How Distributions Affect Fund Prices
A change in a fund's NAV gives an incomplete picture of the total return the fund has generated. Watching a fund's NAV is like watching a television with shaky transmission--sometimes you get an accurate picture, and sometimes you don't. With funds, interference occurs whenever a fund makes a payment to its shareholders, otherwise known as a distribution. Whenever a fund passes along income to shareholders, its NAV drops. If a fund with an NAV of £10 makes a £1 distribution, its NAV slips to £9. Despite the shrunken NAV, shareholders are none the poorer. They still have £10--£9 in the fund and £1 in cash. Unless they need the income, many investors reinvest their distributions; in other words, they instruct the fund company to use that cash to buy new shares of the fund. Most total return numbers reported in newspapers or on the Web, including those used by Morningstar, assume that distributions are reinvested.

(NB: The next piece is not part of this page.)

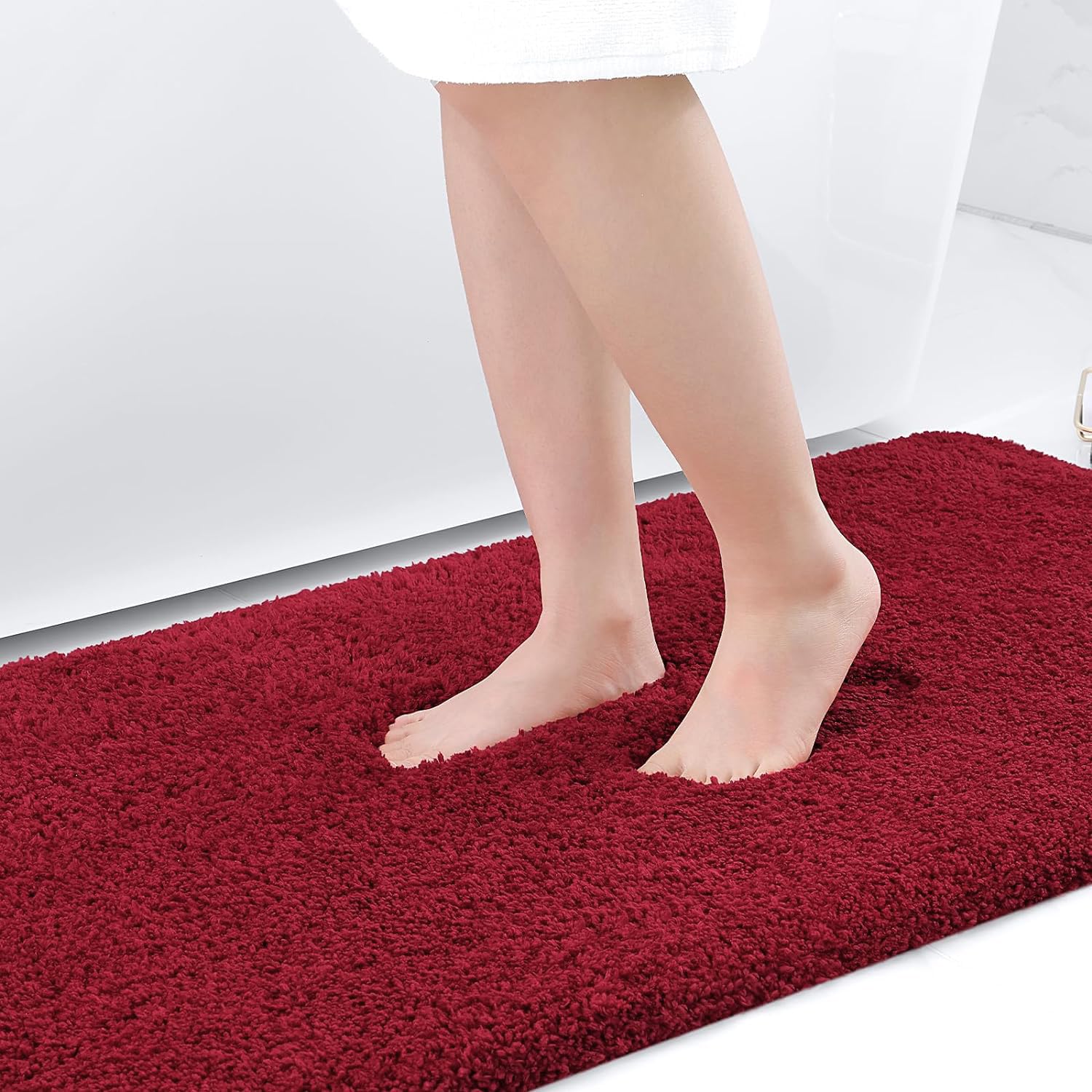 smiry Microfiber Bath Mat 40 x 60 cm, Non-Slip Super Absorbent Bathroom Mat, Extra Soft Machine Wash and Dry, Non-Shedding Bath Mats For Bathroom, Wine Red — image 1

Where Does Yield Fit In for Funds?
Yield represents income that a fund distributes to its shareholders. Income comes from dividend-paying stocks and bonds owned by the fund. A fund's yield is therefore only the income component of its total return. That's why a fund can have a yield of 0%, meaning that it makes no income payments to shareholders, and still have a positive fund total return from capital appreciation. Yield can be calculated in a variety of ways, and many fund houses in the UK opt for different measures, leading to a considerable degree of investor confusion. To help eliminate these issues, Morningstar calculates yield on a trailing-12-month basis. In other words, we add up all of a fund's income payments over the past year and divide the total by the most recent month-end NAV.
Putting it All Together: Total Returns
Fund total return encompasses everything we have discussed thus far: changes in NAV caused by appreciation or depreciation of the underlying portfolio, payment of any income (yield), and reinvestment of all distributions.

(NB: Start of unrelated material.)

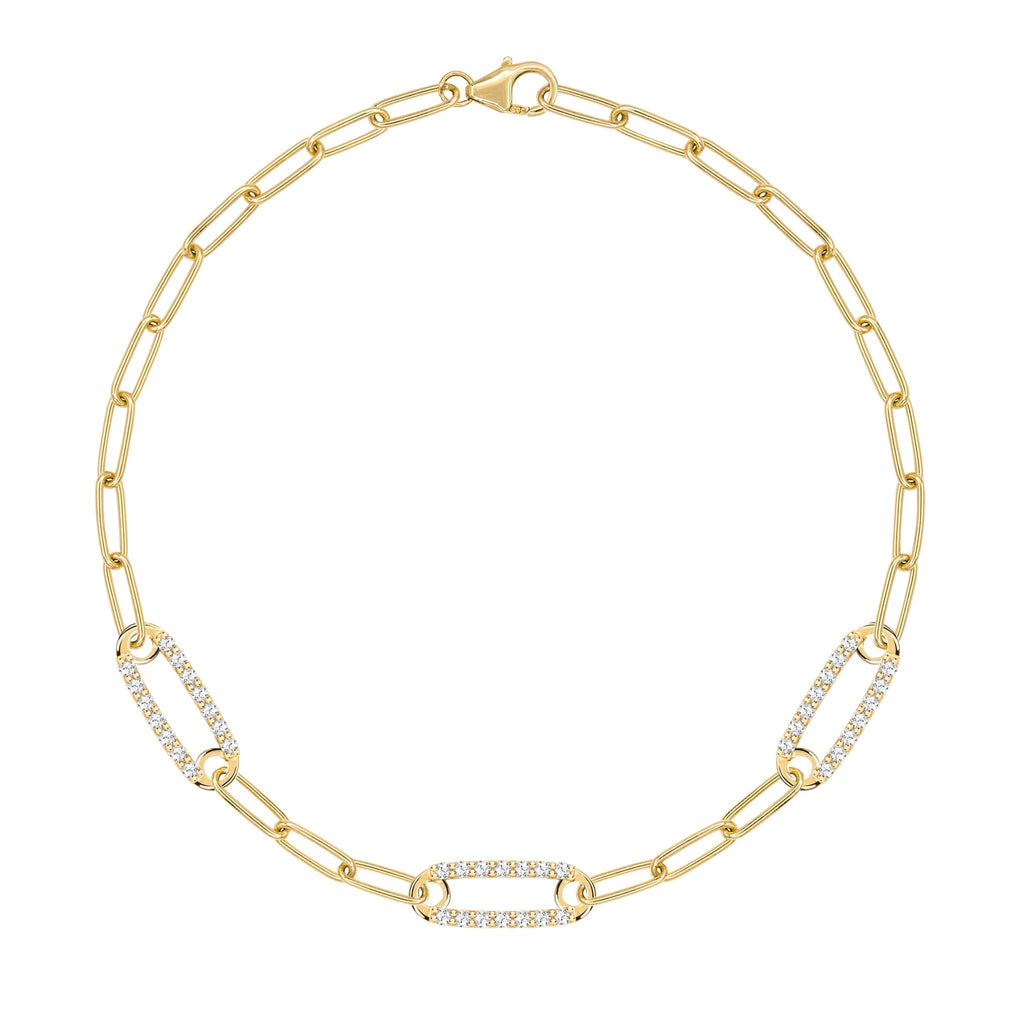 Adelaide 3 Pavé Birthstone Link Bracelet in 14k Gold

((Ending position - beginning position)/Beginning position) X 100 = Total Return
Here's how it works.
Say you buy 10 shares of Fund A at £20 per share.
After a few months, the fund's NAV rises to £22. The fund also earns £5 in income per share during this period, which it distributes As a result, the fund's NAV falls to £17 when it pays the distribution.
Your distribution of £50 (£5 x 10 shares) is used to buy 2.94 more shares at the new £17 price.
Finally, say the fund's NAV rises again, this time to £18 per share. If you used only your NAV to calculate return, your shares would be worth the fund's final £18 NAV times your initial 10 shares, or £180. That's an NAV loss of £2 per share, or 10% on your original investment. But that figure would be inaccurate, because you need to factor in the income distribution that you reinvested. Add that back in and you'll find your investment is actually worth that £180 plus the £52.92 your two new shares are worth, for a grand total of £232.92. Your fund total return is really 16.5%. Not too shabby.
Key Tip: Many funds in the UK offer at least two different share classes. Income shares pay out any income generated by the fund’s securities to the investors. Investors then have the choice of retaining that income or reinvesting it in the fund. Accumulation shares simply retain income within the fund and use it to fund investments. Only income shares are subject to fluctuations in their NAVs in the manner described above.